Urodził się w 1869 r. w Krakowie. Jako mały chłopiec mieszkał u stóp Wawelu, który przez całe życie darzył ogromnym sentymentem, i który zajmował w jego sercu bardzo ważne miejsce. Uczeń Matejki, zaproszony przez niego wraz z Mehofferem do wykonania polichromii w kościele Mariackim, po jakimś czasie zerwał artystyczny związek z Mistrzem, by wyjechać do Paryża. Tam mógł być u źródeł nowoczesnej sztuki. Zamówienie na wykonanie projektów witraży do katedry we Lwowie zakończyło się fiaskiem. Artysta nie dopuszczał żadnych poprawek w swoim dziele; nosił w sobie pewność, że idzie właściwą drogą. Projekty nie zostały zrealizowane. Podobnie jak te, które przeznaczył do katedry na Wawelu. Zdejmując potajemnie wymiary okien świątyni, przygotowywał kartony, według których miały powstać witraże w obejściu. Projekty jednak odrzucono. Kiedy patrzymy na nie dzisiaj, nie trudno to zrozumieć. Przedstawiają mitologicznych i historycznych bohaterów Polski w sposób, jaki odbiegał od ówczesnych kanonów. Kazimierz Wielki to raczej truchło niż postać z krwi i kości.

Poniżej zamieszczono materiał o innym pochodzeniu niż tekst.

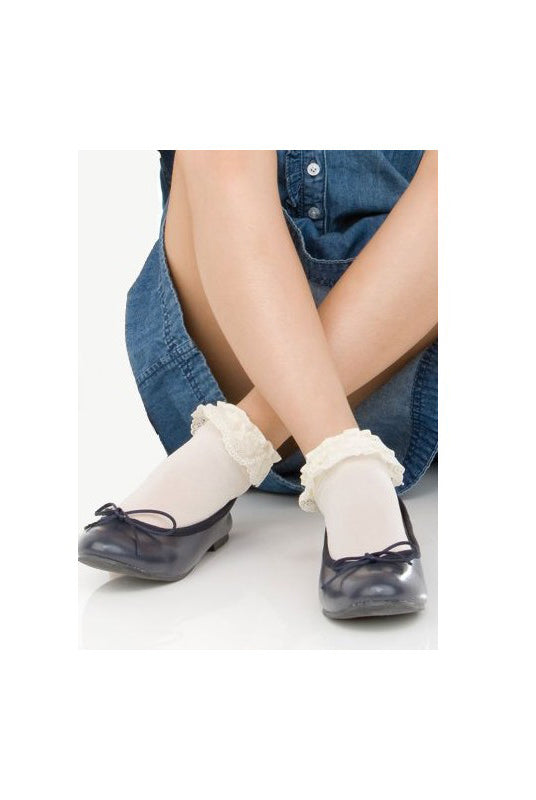 Girl's legs crossed at the ankles wearing a blue denim dress and white frilly ankle socks in black ballerina flats.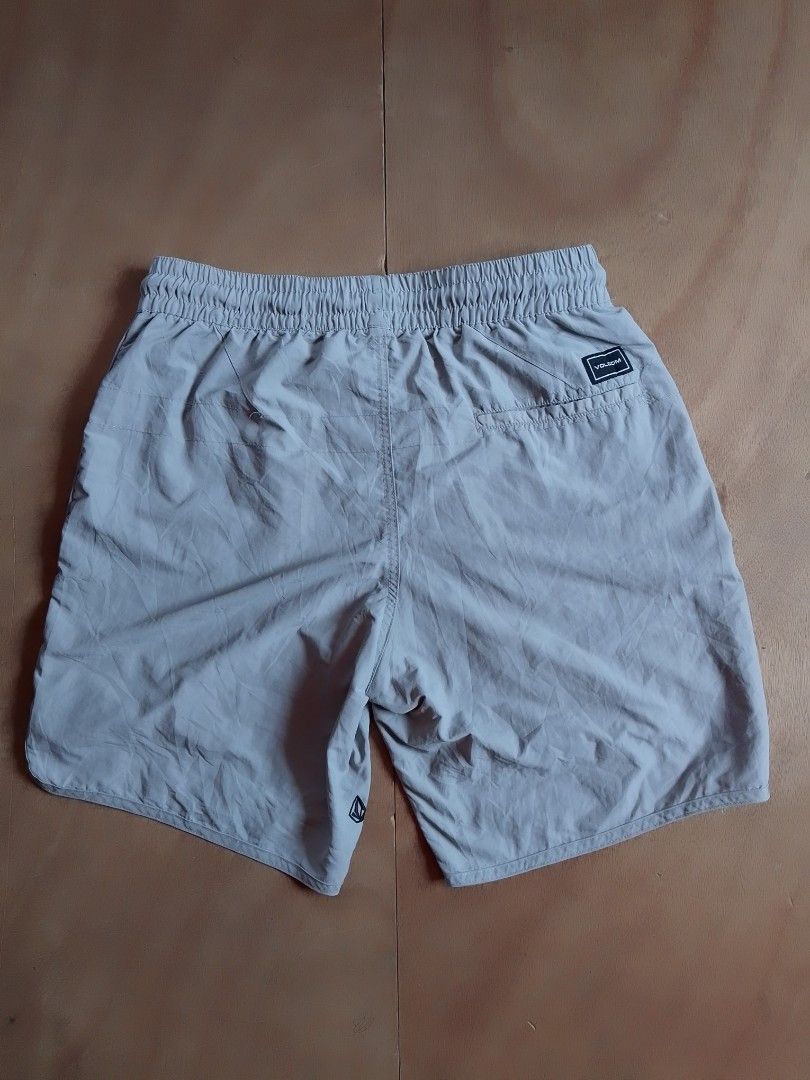 Volcom grey elastic drawstring surf shorts (Category: Shorts) located in Cebu City. Submitted by ranilcanoy89684 (Listing ID 1467166244, Image 3). Description: - Brand: Volcom - Color: Grey - Style: Lightweight surf shorts - Waistband: Elastic with black contrast drawstring - Pockets: Side pockets and one back pocket with branded patch - Branding: Volcom script logo on lower left leg and stone logo near hem - Ideal for: Beach days and casual wear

Jedynym, w pełni zrealizowanym według wizji Wyspiańskiego wnętrzem sakralnym jest kościół Franciszkanów w Krakowie. Motywy ornamentów z polichromii odnajdziemy na wystawie, zmultiplikowane przez odbijające je lustra.
Wyspiański ostatnie lata życia spędził w Węgrzycach pod Krakowem. Tam mieszkał z żoną i dziećmi, które stały się bohaterami malowanych przez niego portretów.
Artysta-wizjoner. Stworzył dzieło totalne.

Ekspozycja w krakowskim Muzeum w dużej mierze opiera się na multimediach. To raczej parateatralne widowisko, odwołujące się do idei twórczości Wyspiańskiego. Zobaczyć można m.in. kopię projektu Polonii do katedry lwowskiej, przestrzeń odnoszącą się do dramatu „Wesele”, fragmenty ekranizacji autorstwa Andrzeja Wajdy, kopie projektów witraży do katedry wawelskiej.

Wyspiański swój teatr widział ogromny.